Die Aussage dieses und eines weiteren Polizisten habe offenbart, dass „selbst aus Sicht der Polizei keineswegs alles so klar sei, wie es der Abschlussbericht vermuten lasse“, so der Gerichtssprecher. Weitere Zeugen hätten bestritten, einzelne Aussagen wie in den Akten vermerkt getätigt zu haben. Und auch Videoaufnahmen der Randalierer von der Elbchaussee seien weniger aussagekräftig, als es auf den ersten Blick scheine. Dies gälte „insbesondere dann, wenn man die Videos ohne die – aus Sicht der Kammer suggestiven – Bearbeitungen durch einen Polizeiauswerter in Augenschein nehme.“, hieß es am Mittwoch vom Gericht. Zuvor hatte der NDR über den Beschluss berichtet.

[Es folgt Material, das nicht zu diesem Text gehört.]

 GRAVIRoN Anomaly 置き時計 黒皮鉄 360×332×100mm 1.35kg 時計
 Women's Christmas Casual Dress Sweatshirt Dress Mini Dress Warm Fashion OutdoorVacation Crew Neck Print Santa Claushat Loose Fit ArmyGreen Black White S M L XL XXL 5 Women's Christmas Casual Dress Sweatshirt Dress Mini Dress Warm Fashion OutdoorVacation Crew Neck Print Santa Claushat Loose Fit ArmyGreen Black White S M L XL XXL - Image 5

Staatsanwaltschaft hält die Vorwürfe für unbegründet

Eine Sprecherin der Staatsanwaltschaft wollte den Beschluss mit Blick auf die laufende Verhandlung nicht kommentieren. Sie bestätigte aber, dass man Beschwerde gegen die Entscheidung eingelegt habe, die nun jedoch vom Oberlandesgericht abgelehnt wurde. Dies ist ein Hinweis darauf, dass die Staatsanwaltschaft die Kritik der Richterin – etwa im Gegensatz zum „Cold-Cases“-Prozess – im aktuellen Fall für unbegründet hält.

Bereits vor Prozessbeginn hatte die Staatsanwaltschaft einen Befangenheitsantrag gegen Meier-Göring gestellt, war damit jedoch ebenfalls gescheitert. Für den ausgedehnten Prozess wird den Angeklagten nun jeweils ein zusätzlicher Pflichtverteidiger gewährt.